Diachin’s ITAPS group is largely focused on improving mesh generation – a method to digitally divide the regions of a system being modeled into a grid – and Adaptive Mesh Refinement (AMR), a technique to focus the grid on regions of most interest to researchers or on regions where there’s the most activity.  It’s like focusing a camera on the subject while the less important background is left fuzzy.

Diachin says her ITAPS group is “about creating the next generation of advanced mesh generation technologies – getting very high quality meshes, and inserting them into application codes” – including one for accelerator cell design.

“We work with a number of different application teams, but probably the most prominent has been the accelerator design team at the Stanford Linear Accelerator Center,” Diachin says.  Besides Stanford, researchers from Rensselear Polytechnic Institute and DOE’s Sandia and Argonne national laboratories are collaborating with Diachin’s group on the project.

Stanford “has been quite successful on the computational end of modeling cavities,” says Tim Tautges, a computational scientist affiliated with Argonne who’s generating some of the tools used for meshes.
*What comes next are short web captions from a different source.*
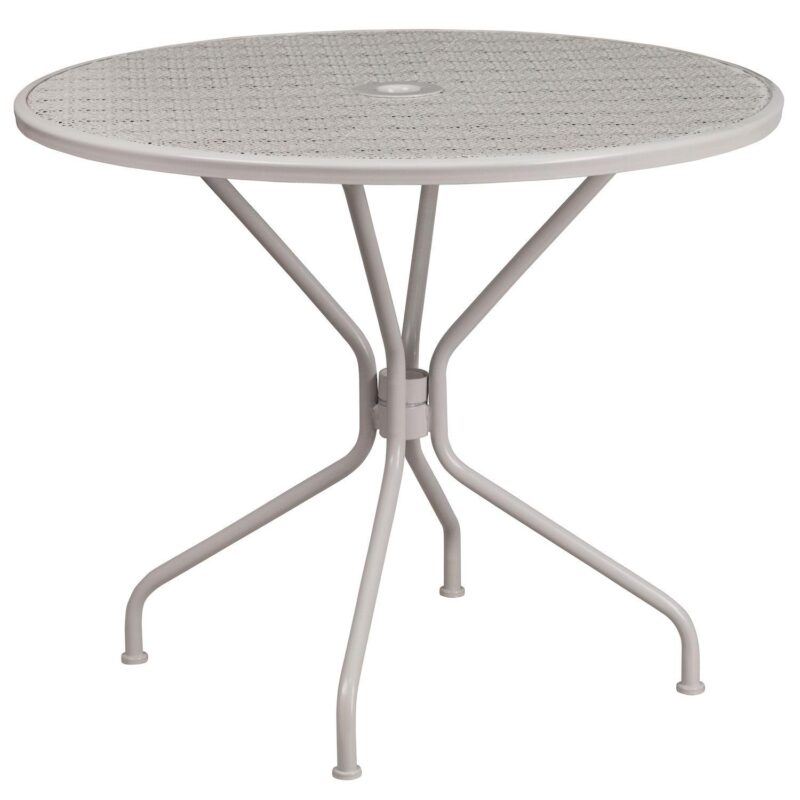 Emma and Oliver Commercial Grade 35.25  RD Indoor-Outdoor Steel Patio Table - Umbrella Hole - Image 9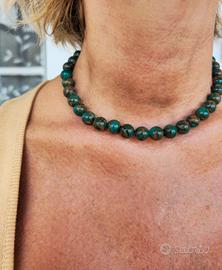 collanina perle quarzo verde oro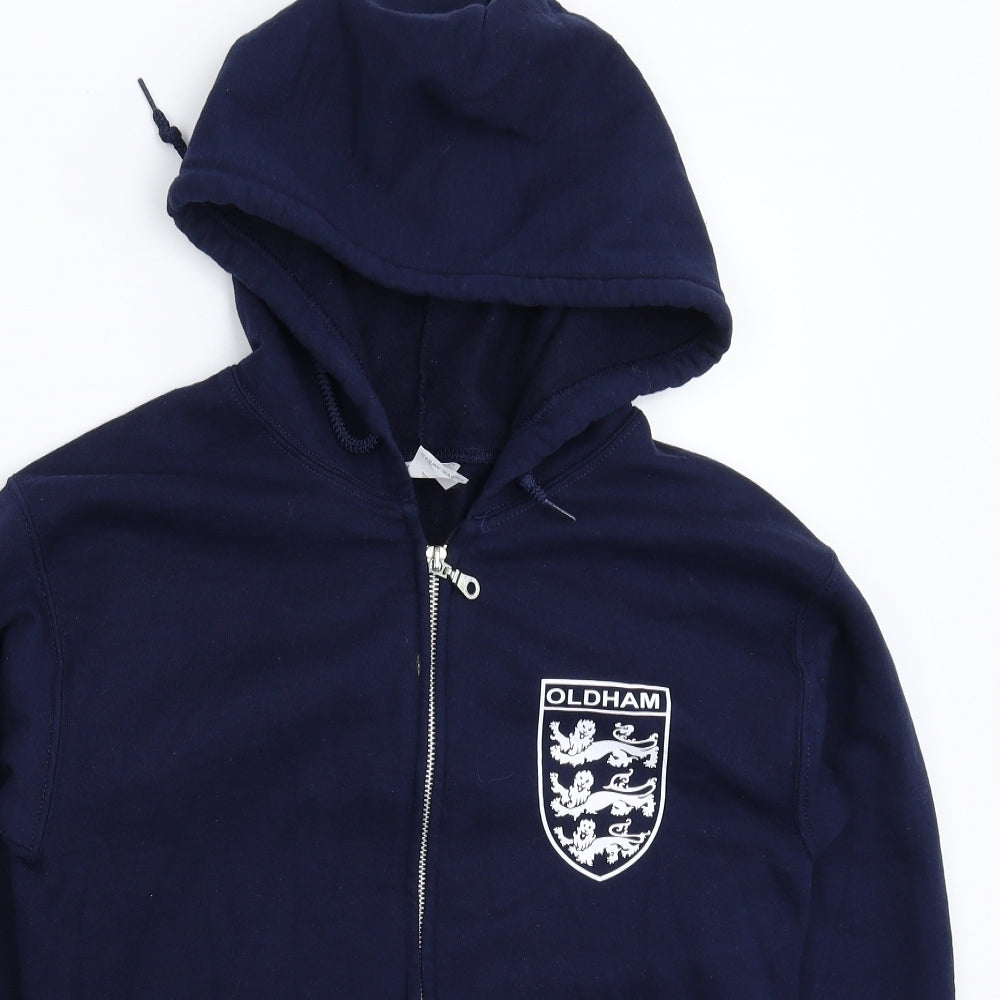 Gildan Mens Blue   Full Zip Hoodie Size S  - Oldham Athletic
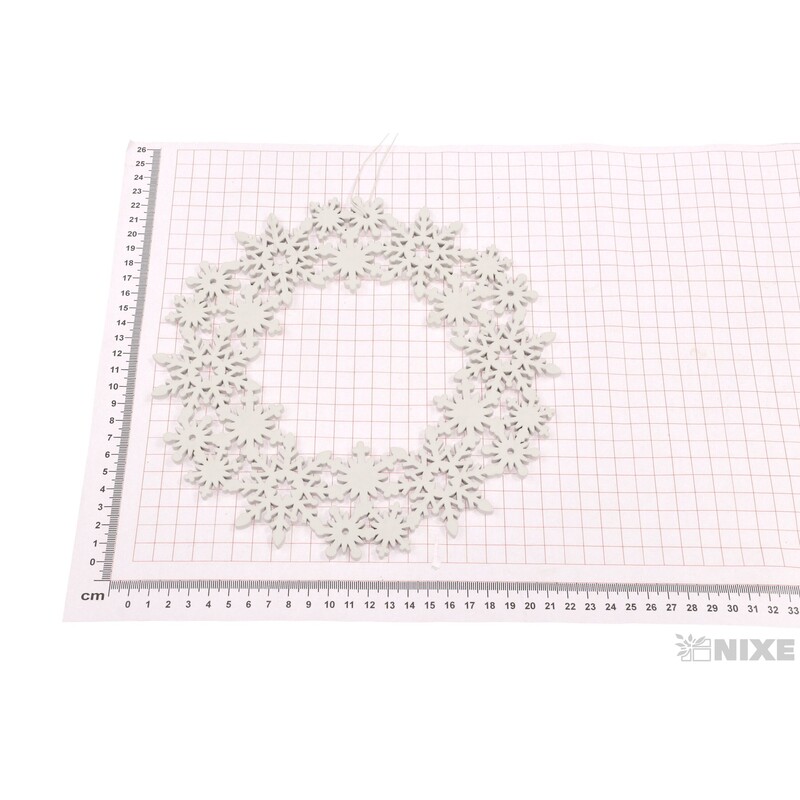 ZÁVĚS VĚNEC VLOČKA 22cm*BÍLÁ V+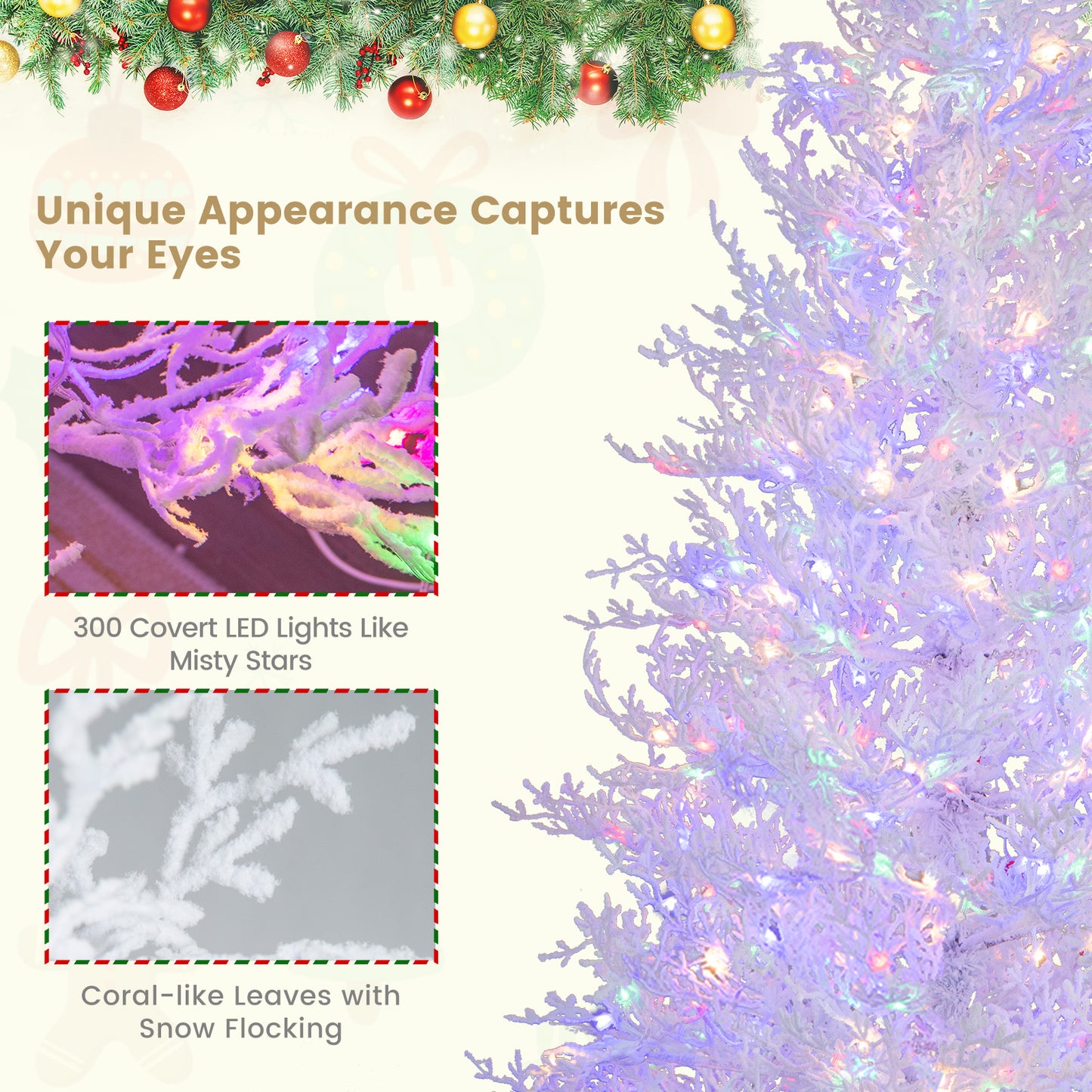 Topbuy 6FT Pre-lit Artificial Xmas Tree Hinged Christmas Tree with 383 Snow Flocked Branch Tips 300 Warm White & Multi-colored LED Lights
The goal was to increase PEP-II’s “beam luminosity” – the number of particles that go through the accelerator successfully.  That’s important because “The more luminosity, the higher the probability of getting the low-probability interactions physicists are looking for, which is the name of the game,” Tautges says.

Reducing The Wake

Increasing beam luminosity largely depends on minimizing the wake fields generated by packets of electrons as they speed through accelerator cavities like that of PEP-II.  Wake fields – electromagnetic waves – are similar to the wake a speeding boat creates, making things rough for the boats that follow.  Electrons have the same problem as they cross the wake fields of electron packets that precede them.

“If too many bunches of particles get sufficiently knocked off their path, they get accelerated into the wall of the cavity, and that’s very bad,” Tautges says.  “That will heat the cavity up and shut the whole thing down.”